Syria’s army has warned citizens to evacuate the town of Qusayr ahead of an attack, a military source said on Friday, but an activist denied that and said there was no safe route out.
“Leaflets were dropped over Qusayr asking civilians to leave the city, with a map of a safe route by which to evacuate, because the attack against the city is coming soon if the rebels do not surrender,” the military source told AFP on condition of anonymity.
Activist Hadi al-Abdullah, who spoke to AFP over the Internet, denied the claim.
“I am in the town of Qusayr, and this morning I visited two villages nearby, and I can assure you no leaflets were dropped anywhere near here,” he said.
“What is more worrying than that is that there is no safe exit for civilians. All of us here in Qusayr have been condemned by the regime to a slow death,” added Abdullah, a spokesman for the Syrian Revolution General Commission, a network of anti-regime activists.

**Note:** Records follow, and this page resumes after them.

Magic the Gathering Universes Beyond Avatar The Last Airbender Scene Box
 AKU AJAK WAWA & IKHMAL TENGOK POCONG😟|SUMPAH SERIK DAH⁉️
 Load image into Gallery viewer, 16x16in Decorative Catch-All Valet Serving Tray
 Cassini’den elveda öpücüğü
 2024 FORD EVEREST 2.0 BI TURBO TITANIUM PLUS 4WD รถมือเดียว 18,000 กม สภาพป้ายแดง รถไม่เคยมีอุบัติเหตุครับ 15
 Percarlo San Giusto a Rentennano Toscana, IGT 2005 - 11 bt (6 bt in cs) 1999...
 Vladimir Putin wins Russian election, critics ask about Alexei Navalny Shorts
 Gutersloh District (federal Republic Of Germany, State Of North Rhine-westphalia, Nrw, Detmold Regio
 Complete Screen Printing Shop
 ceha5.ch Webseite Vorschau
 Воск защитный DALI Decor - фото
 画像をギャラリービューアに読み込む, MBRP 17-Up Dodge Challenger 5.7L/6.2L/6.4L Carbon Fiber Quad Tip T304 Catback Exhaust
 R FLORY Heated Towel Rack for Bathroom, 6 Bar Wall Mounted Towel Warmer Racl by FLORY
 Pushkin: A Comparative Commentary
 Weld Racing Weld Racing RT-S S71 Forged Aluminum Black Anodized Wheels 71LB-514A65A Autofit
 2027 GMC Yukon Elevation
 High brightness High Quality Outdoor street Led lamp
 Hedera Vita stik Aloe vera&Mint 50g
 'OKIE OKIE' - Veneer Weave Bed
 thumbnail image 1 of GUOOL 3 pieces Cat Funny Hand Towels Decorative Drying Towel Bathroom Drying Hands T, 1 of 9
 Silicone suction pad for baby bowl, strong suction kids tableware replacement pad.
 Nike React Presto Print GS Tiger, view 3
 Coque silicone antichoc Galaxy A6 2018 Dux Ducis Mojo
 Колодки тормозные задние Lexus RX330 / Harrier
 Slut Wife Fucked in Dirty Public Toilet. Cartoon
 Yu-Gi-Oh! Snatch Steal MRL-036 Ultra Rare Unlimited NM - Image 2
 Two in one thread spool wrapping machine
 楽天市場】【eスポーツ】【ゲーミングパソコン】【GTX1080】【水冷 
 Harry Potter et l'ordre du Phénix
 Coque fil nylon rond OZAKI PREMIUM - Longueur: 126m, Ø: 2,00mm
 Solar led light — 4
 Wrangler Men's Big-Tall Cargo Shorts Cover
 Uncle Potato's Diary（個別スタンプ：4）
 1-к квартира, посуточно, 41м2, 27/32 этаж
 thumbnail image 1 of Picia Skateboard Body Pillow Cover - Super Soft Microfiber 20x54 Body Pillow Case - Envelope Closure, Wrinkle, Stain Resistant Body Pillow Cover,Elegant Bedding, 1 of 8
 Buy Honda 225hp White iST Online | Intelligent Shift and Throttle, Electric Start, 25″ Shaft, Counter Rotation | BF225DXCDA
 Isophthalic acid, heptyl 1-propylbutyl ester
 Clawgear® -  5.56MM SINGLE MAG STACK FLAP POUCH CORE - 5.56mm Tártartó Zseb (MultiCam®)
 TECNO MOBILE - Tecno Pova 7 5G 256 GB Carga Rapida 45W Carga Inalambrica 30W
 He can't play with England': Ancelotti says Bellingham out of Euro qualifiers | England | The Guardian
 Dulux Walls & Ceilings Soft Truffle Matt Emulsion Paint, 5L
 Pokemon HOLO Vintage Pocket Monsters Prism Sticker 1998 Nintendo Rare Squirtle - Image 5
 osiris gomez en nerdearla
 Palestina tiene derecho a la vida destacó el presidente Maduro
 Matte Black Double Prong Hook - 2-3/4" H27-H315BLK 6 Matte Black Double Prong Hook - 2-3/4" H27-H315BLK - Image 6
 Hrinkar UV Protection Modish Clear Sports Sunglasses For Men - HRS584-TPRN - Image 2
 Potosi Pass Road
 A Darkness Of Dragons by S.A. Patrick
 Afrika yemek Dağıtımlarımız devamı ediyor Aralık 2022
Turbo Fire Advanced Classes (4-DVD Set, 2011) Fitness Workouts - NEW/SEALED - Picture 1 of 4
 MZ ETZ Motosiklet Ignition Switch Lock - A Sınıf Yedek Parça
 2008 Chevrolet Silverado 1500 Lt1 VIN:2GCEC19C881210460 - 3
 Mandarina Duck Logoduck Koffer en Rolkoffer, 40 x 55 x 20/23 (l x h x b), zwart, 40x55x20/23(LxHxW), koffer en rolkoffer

“Every time civilians try to leave the town, they are shot or shelled at the town’s edges by tanks or snipers. We are trapped — civilians, activists and fighters together.”
Troops backed by fighters from the Lebanese Shiite militant group Hezbollah have advanced throughout the area around Qusayr, which fell to the rebels more than a year ago.
Activists said Qusayr is surrounded by government forces on three sides, and that approximately 25,000 residents are believed to still be in the city.
The area has been a strategic boon to the rebels, who used it as a base from which to block the main road from Damascus to the coast, impeding military movement and supply chains.
It is also important because of its proximity to Lebanon.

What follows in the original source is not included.